One problem Democrats have in courting voters is that their core constituencies are disproportionately affected by economic and racial inequality, which undermines those voters’ confidence in the over-all direction of the country. Nationally, there were more than five hundred thousand more eviction cases filed in 2023 than there were in 2021. Nearly half of those facing eviction were Black. Last year, when pandemic aid was drying up, the number of homeless people in the U.S. rose by twelve per cent from 2022, reaching record levels. Half of the families experiencing homelessness were Black. So, though Black voters in total may be more enthused about Harris than they were about Biden, the seventy-seven per cent who favor her over Trump is far below the ninety-two per cent of Black votes won by Biden in 2020. Harris must convince Black voters—especially Black women, who have been hammered by the housing crisis—that she has a credible plan. Trump leads polls among voters who say the economy is a major factor for them, and with people who say they are not doing well financially. There is also the question of how Harris’s decision to emphasize her role as a prosecutor, offering her own version of law-and-order rhetoric, will play among ordinary Black voters. Polls have shown that more than seventy per cent of Black Americans think “major” changes to policing are needed.

And beyond the appeals to the broader electorate, there remains division within the Democratic Party, particularly over the Biden Administration’s continued military and financial support of Israel’s war in Gaza. In her address, Harris maintained the government’s hard-line position of unquestioned support of Israel. Once again, as when Biden faced the “Uncommitted” movement during the primaries earlier this year, the Democrats are gambling that the threat of Trump will overwhelm the desire to challenge Harris and the Party on their position. Meanwhile, as the semester begins at Columbia, the university is restricting access to its campus and considering whether to empower its security officers to make arrests. In California, public colleges and universities have issued new rules and guidelines banning tactics used by student protesters in the spring, including encampments. The state legislature is also withholding twenty-five million dollars in funding until the president of the University of California produces a framework to enforce rules governing protests. As the Harris ticket shapes its campaign around the restoration of freedom and democracy, the naked efforts to circumscribe student protests could become a flash point. And solidarity with Gaza, unlike B.L.M., will not be easily absorbed into the Democratic Party’s platform: support for Israel is a linchpin of the U.S.’s efforts to manage politics in the Middle East. Harris outpaces Trump in youth support, but whether she can turn that favorability into actual votes remains to be seen.

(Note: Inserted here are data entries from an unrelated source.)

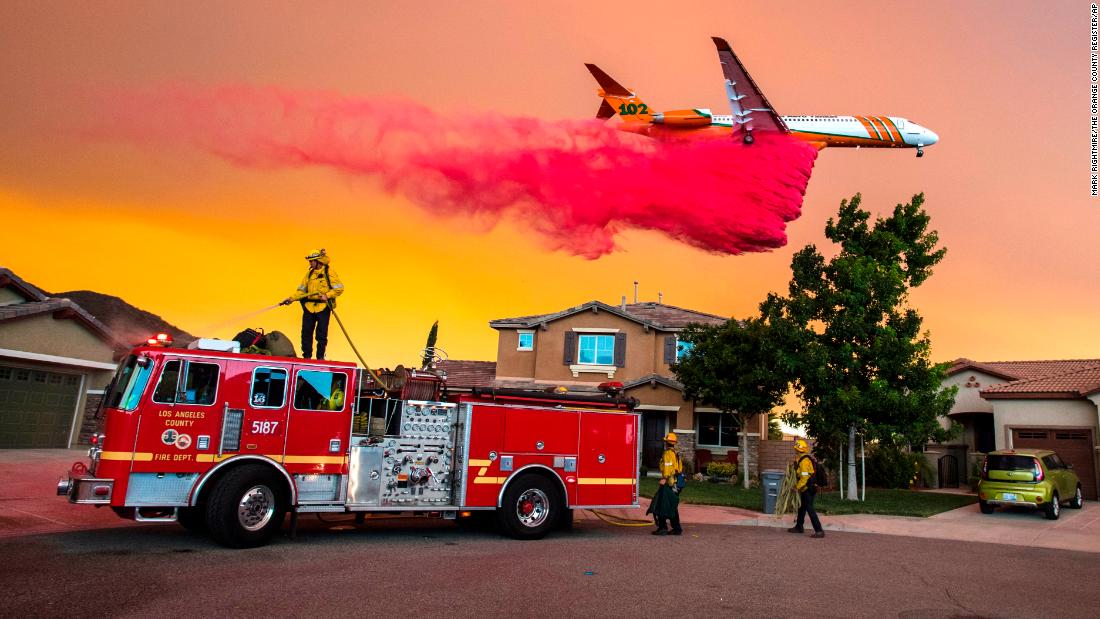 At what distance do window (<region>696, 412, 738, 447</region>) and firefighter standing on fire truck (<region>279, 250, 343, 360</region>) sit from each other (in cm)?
2089

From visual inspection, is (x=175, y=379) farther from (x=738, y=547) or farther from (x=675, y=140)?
(x=675, y=140)

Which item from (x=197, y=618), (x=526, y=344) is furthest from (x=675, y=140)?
(x=197, y=618)

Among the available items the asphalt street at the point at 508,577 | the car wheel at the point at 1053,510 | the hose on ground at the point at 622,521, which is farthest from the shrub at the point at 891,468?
the hose on ground at the point at 622,521

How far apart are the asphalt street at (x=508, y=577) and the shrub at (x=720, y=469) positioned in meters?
15.2

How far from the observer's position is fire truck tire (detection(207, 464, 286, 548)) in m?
9.59

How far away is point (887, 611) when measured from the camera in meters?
7.84

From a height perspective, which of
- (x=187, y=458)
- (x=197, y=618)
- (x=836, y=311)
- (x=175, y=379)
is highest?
(x=836, y=311)

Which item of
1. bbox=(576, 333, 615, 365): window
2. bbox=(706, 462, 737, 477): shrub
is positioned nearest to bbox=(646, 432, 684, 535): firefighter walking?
bbox=(706, 462, 737, 477): shrub

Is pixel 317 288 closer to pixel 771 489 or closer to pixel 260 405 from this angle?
pixel 260 405

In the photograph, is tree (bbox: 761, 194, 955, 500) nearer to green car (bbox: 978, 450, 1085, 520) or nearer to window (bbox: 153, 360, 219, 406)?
green car (bbox: 978, 450, 1085, 520)

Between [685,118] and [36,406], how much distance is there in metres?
22.3

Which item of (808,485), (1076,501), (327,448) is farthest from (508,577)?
(1076,501)

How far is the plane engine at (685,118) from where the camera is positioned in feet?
71.8

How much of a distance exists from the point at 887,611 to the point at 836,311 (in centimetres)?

Democrats do not want a return to the chaos of the Trump years, but many also do not want a return of the version of their party that has prioritized reaching for the center while ignoring their desires. That trade-off has been understood as the price of the ticket if Democrats want to win. But it overlooks that, four years ago, the Party made big promises to address racial and economic injustice and won with historic turnout. Moreover, insisting that Democrats must campaign and govern toward the center—meaning that they must lower the expectations of what can be delivered—undercuts the simultaneous claim that they are the party of change. Proclaiming both muddles the politics, as when Harris promised at the Convention to unite Americans “around our highest aspirations” and to be a President who is “realistic, practical, and has common sense.”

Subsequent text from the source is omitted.